Um dos principais méritos de sua crítica foi, por meio de um pensamento dialético, atrelar as questões sociais, políticas e econômicas do Brasil à reflexão e interpretação das obras literárias sem cair no panfletarismo e muito menos abrir mão do reconhecimento estético. Esse seu movimento resultou, em 1992, na publicação de Dialética da Colonização, obra vencedora do Jabuti e que coroou sua trajetória ao buscar a compreensão do Brasil por meio da cultura.
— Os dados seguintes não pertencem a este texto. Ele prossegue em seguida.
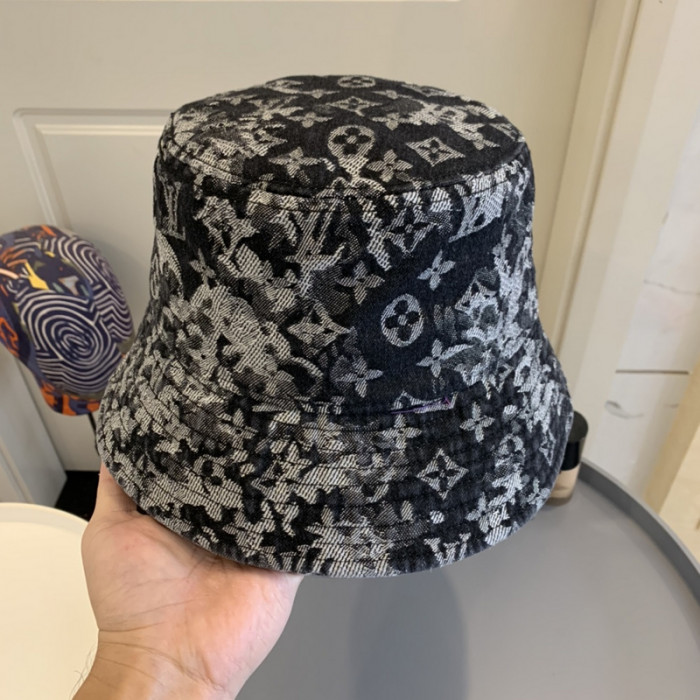 l1vv hat
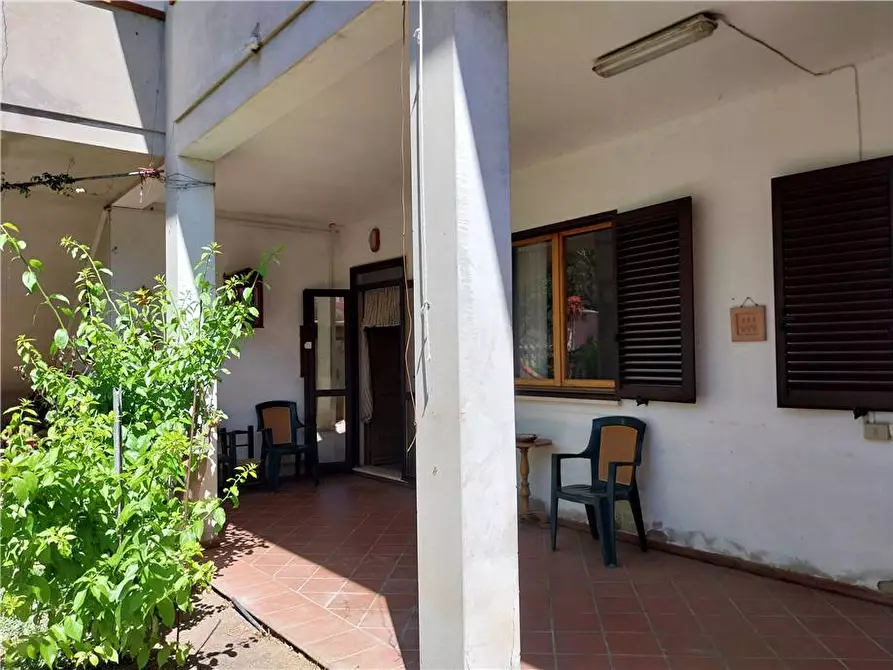 Immagine 3 di Villa in vendita  a Solarussa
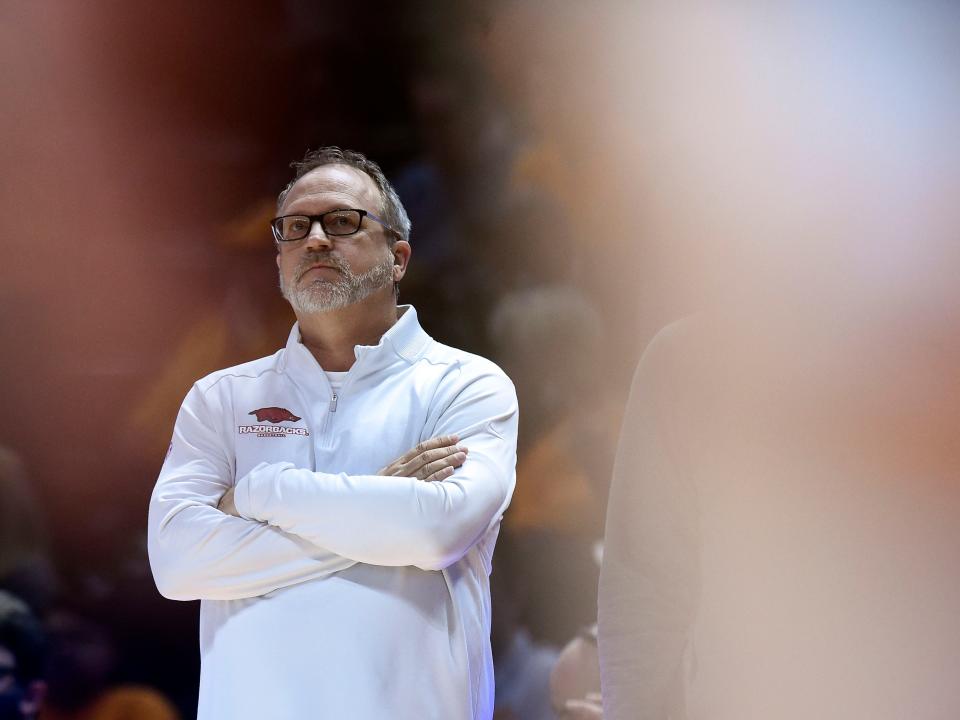Arkansas women's basketball coach Mike Neighbors during the NCAA women's basketball game between the Tennessee Lady Vols and Arkansas Razorbacks in Knoxville, Tenn. on Monday, January 31, 2022. 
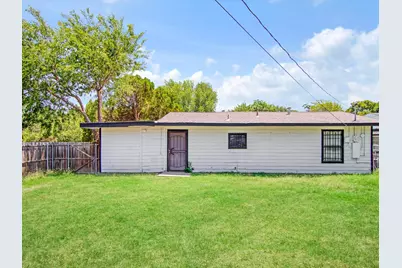 3700 Griggs Avenue, Fort Worth, TX 76119 - Photo 4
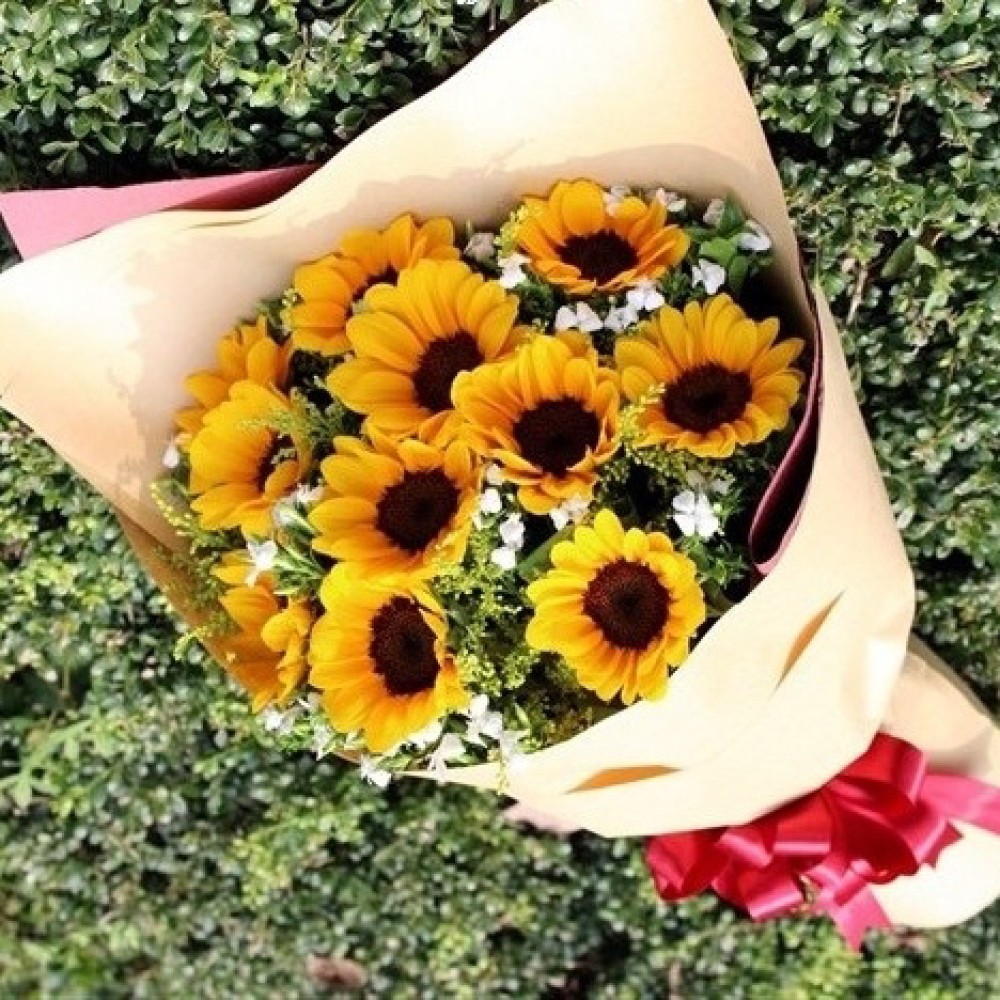 12 pcs Sunflower Bouquet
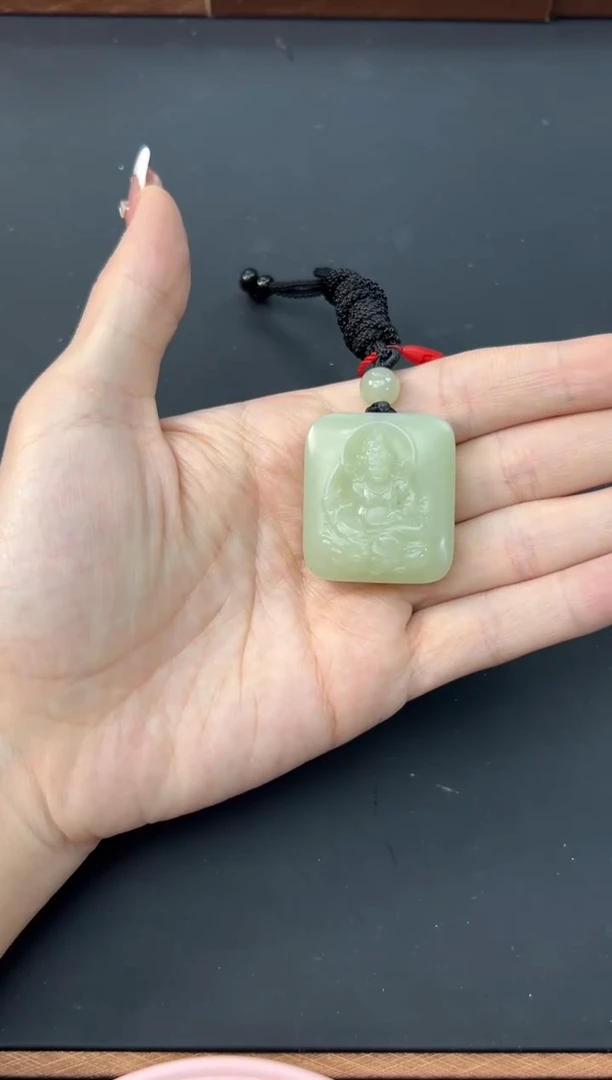 【闪购商品】和田玉吊坠(赠链)未镶嵌且末微色差迪克兰吊坠M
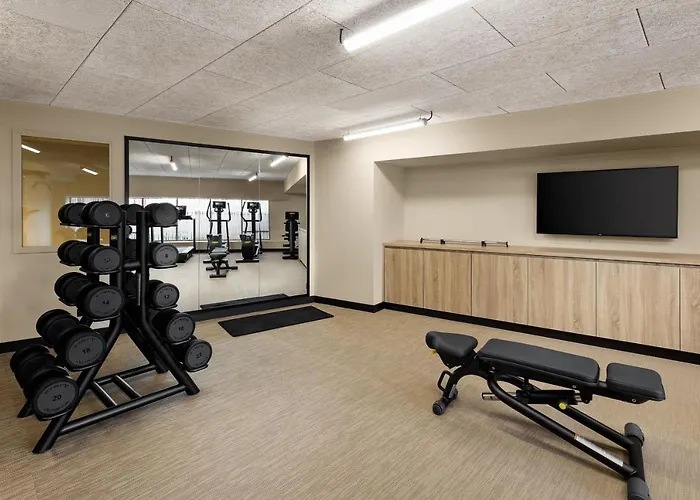 By Marriott Paris Charles De Gaulle Airport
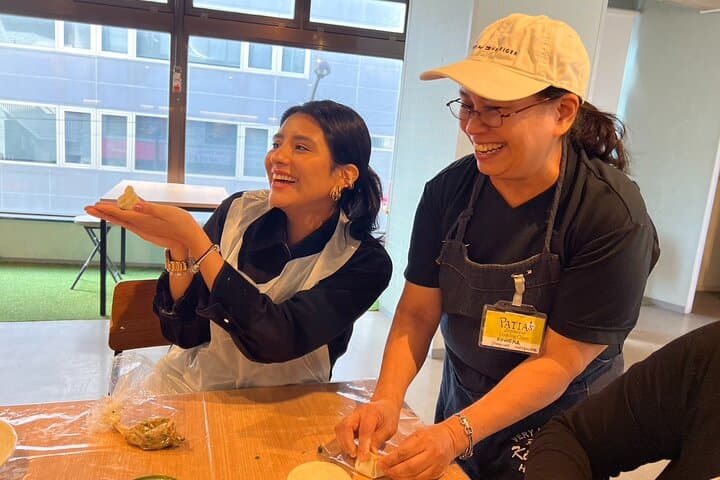 Gyoza Cooking Class from Scratch and Supermarket Tour in Tokyo — photo 19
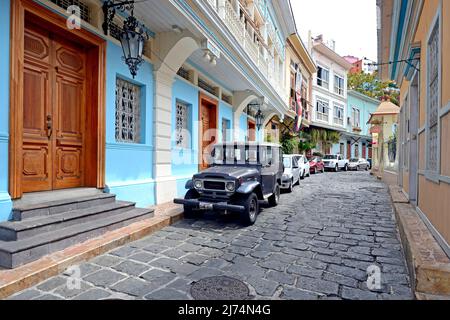 Maisons colorées dans le quartier Las Penas sur Cerro Santa Ana, Equateur, Guayaquil Banque D'Images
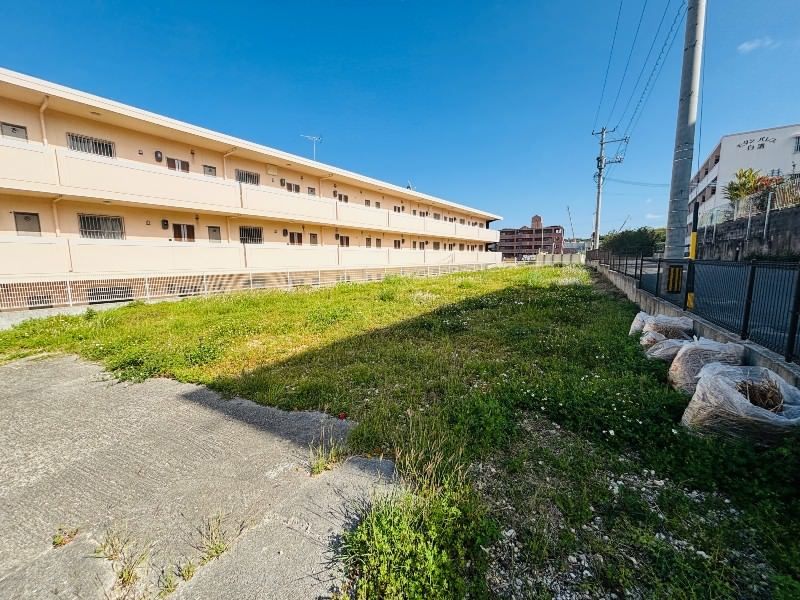 615 sqm Land for Sale in Ishikawa, Uruma City, Okinawa - Thumbnail 2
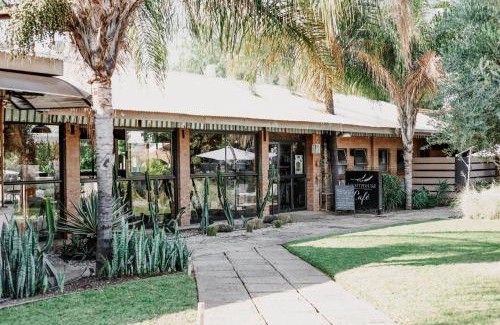 Groblersdal House | Relax at Lighthouse Guesthouse & Cafe with Ocean Views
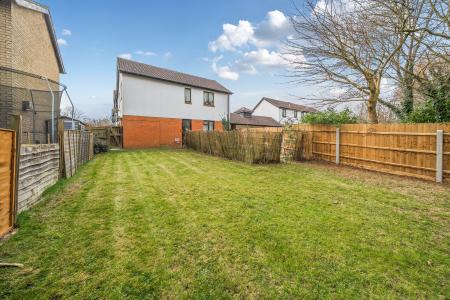 2 bedroom Maisonette for sale in Blackwood Crescent, Blue Bridge, Milton Keynes, MK13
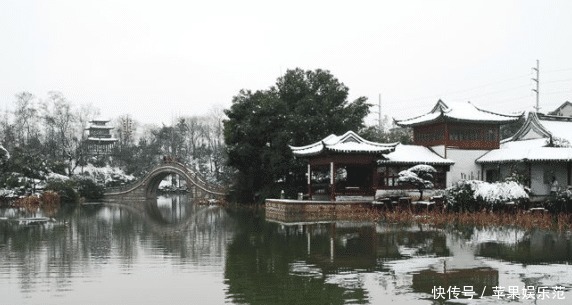 是梦境不然这雪落园林，水流村的景色怎会出现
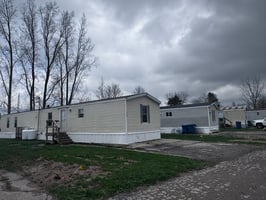 31648995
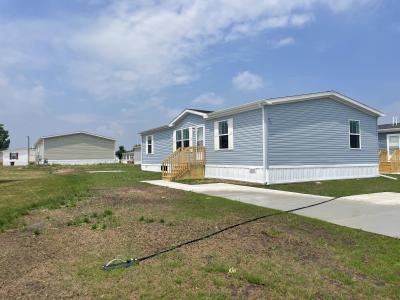 Mobile Home at 7204 East Grand River Ave Lot 427 Portland, MI 48875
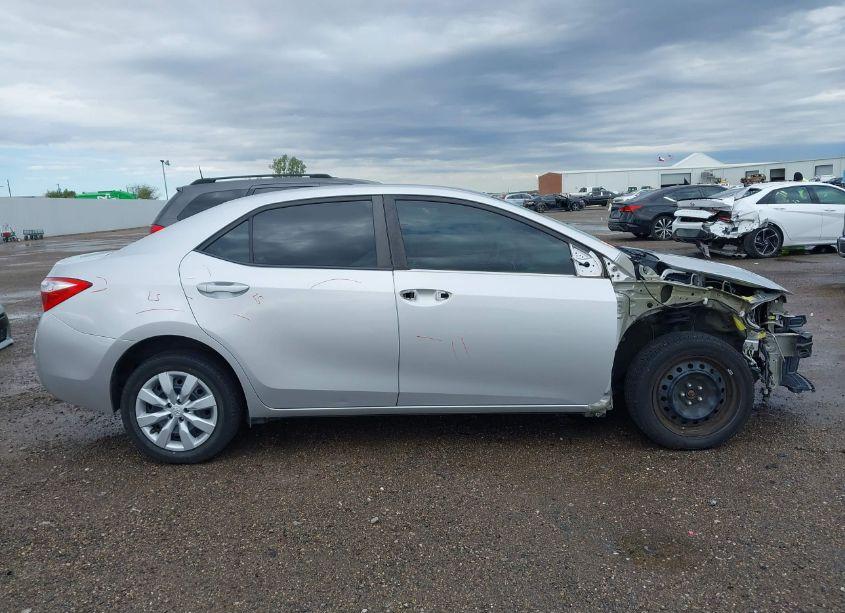 Photo 14 of 2015 Toyota Corolla LE (VIN 5YFBURHE8FP267547)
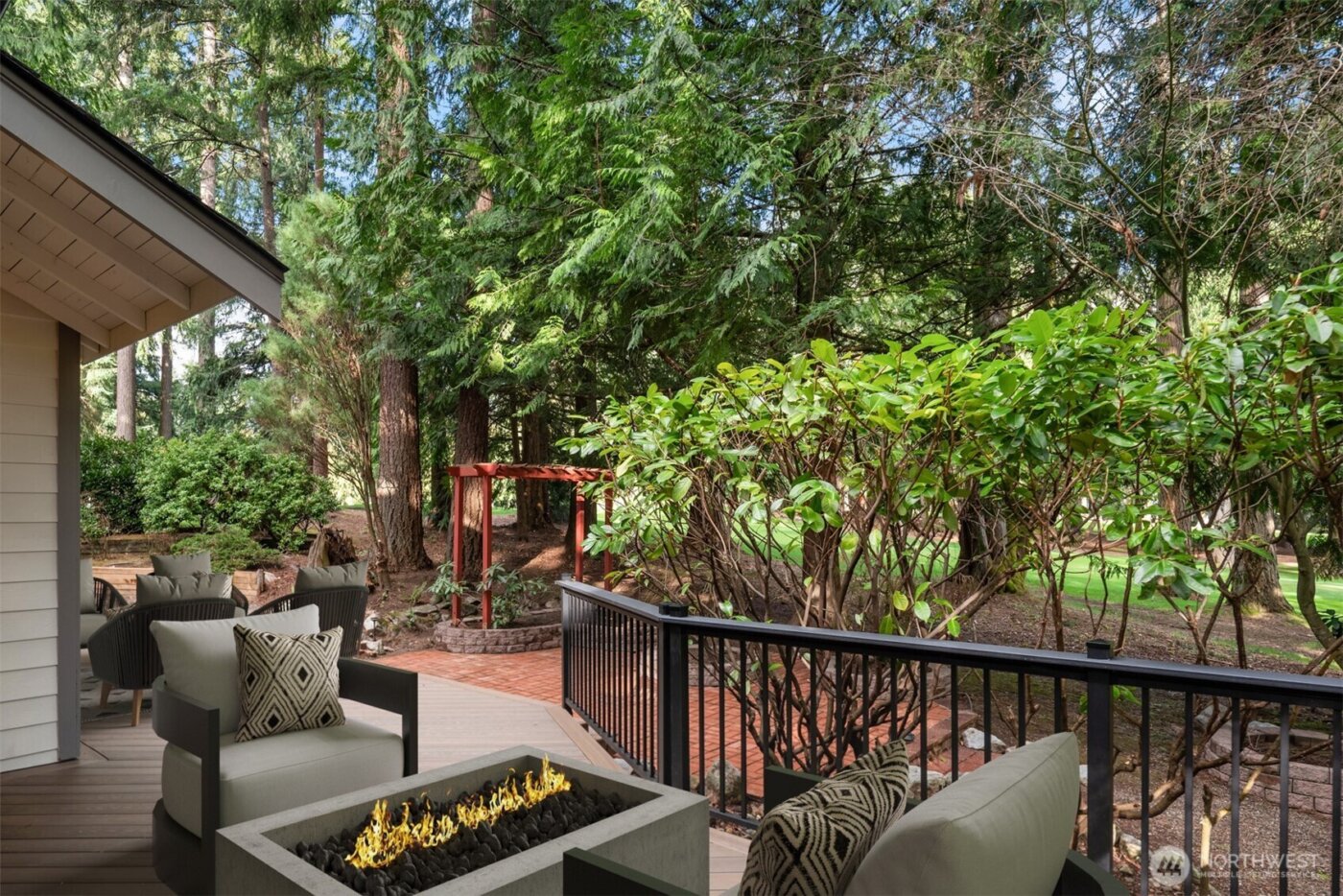 2048 213th Avenue NE, Sammamish, WA 98074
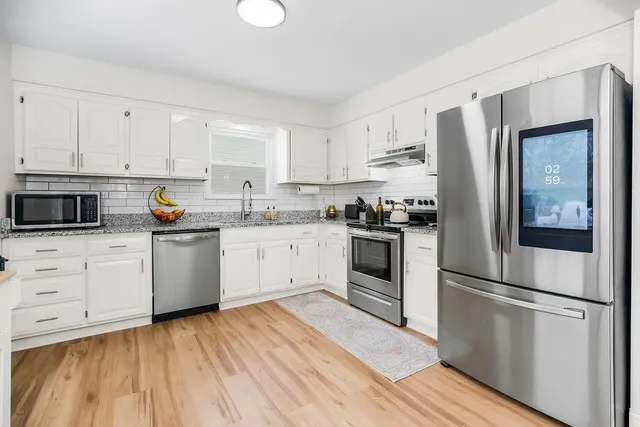 $350,000 | 12023 West 48th Street, Shawnee, KS 66216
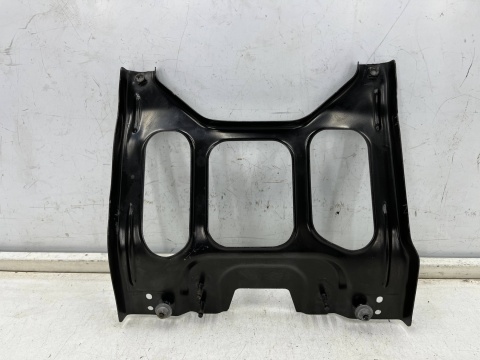 Pas przedni Mercedes Vito w447 14r.- środkowe mocowanie zamka maski lącznik belki zderzaka i pasa a4478801003 Pas przedni Mercedes Vito w447 14r.- środkowe mocowanie zamka maski lącznik belki zderzaka i pasa a4478801003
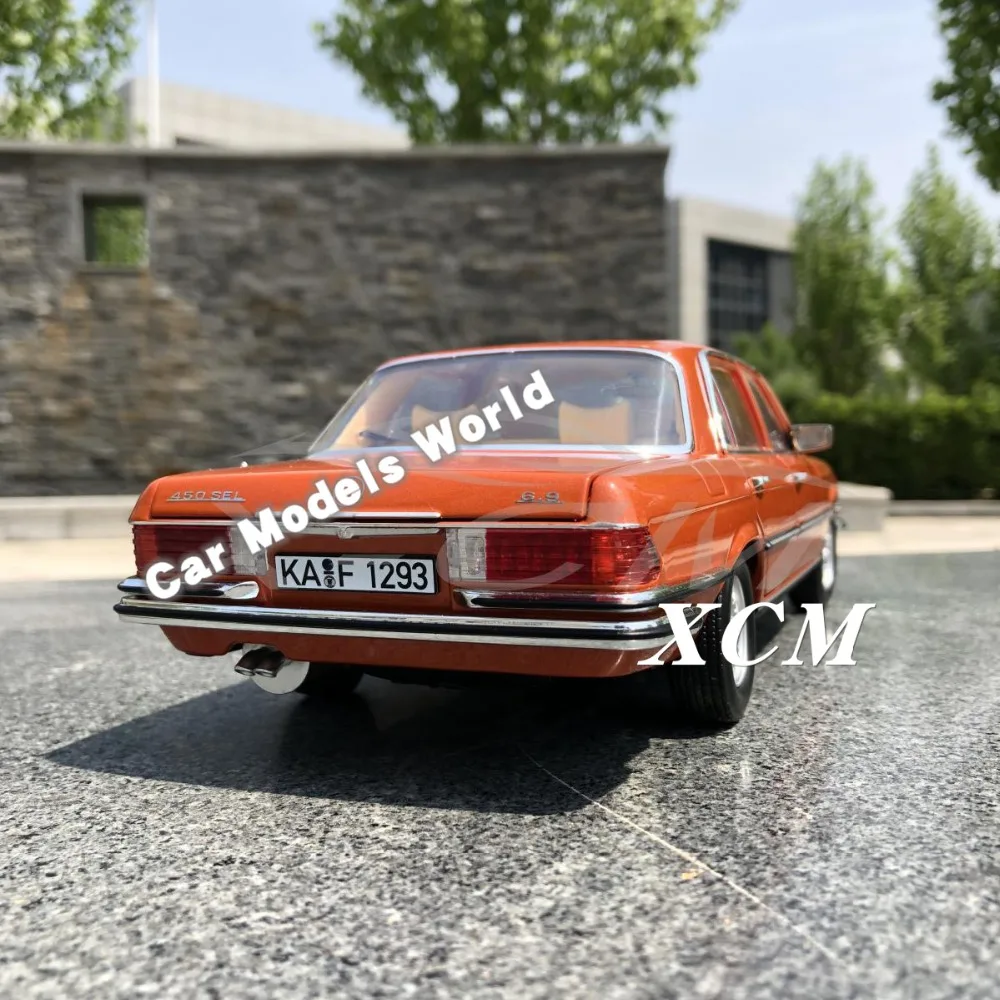 Литая модель автомобиля для Norev 450 SEL 6 9 1976 (Оранжевый металлик) 1:18 + маленький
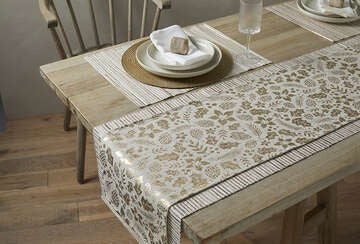 Winter Berries Table Runner Natural with Gold 32x180cm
Essa postura de intérprete do País rendeu alguns de seus estudos mais recentes, como Literatura e Resistência, de 2002, Ideologia e Contraidelogia, de 2010, e Entre a Literatura e a História, de 2013.

Simultaneamente a essa fase, seu interesse crescente pela obra de Machado de Assis o fez publicar trabalhos como Machado de Assis: O Enigma do Olhar, de 1999, e Brás Cubas em Três Versões, de 2006. Bosi contribuiu para o debate acerca da literatura do Bruxo do Cosme Velho e chegou até a protagonizar, com outro crítico ilustre, Roberto Schwarz, polêmicas a respeito das interpretações de Machado.

Desde a morte de sua mulher, a professora Ecléa Bosi, em 2017, a saúde de Alfredo Bosi estava frágil. Ele morreu em São Paulo, onde estava internado após ser contaminado pelo novo coronavírus.

REPERCUSSÃO

‘Foi um dos maiores intelectuais do País, um ser humano da mais alta envergadura, de quem tive a honra de tê-lo tido como um de meus mestres’

Antonio Carlos Secchin,

CRÍTICO E POETA

‘Bosi é um dos intelectuais que farão falta no futuro, quando formos reconstruir o País depois da pandemia’

Marçal Aquino,

ESCRITOR E ROTEIRISTA

‘Nosso maior crítico e historiador literário depois de Antonio Candido’

Sérgio Augusto,

JORNALISTA E ESCRITOR

‘Alfredo Bosi permanecerá referência incontornável’

João Cezar de Castro Rocha,

CRÍTICO LITERÁRIO

As informações são do jornal O Estado de S. Paulo.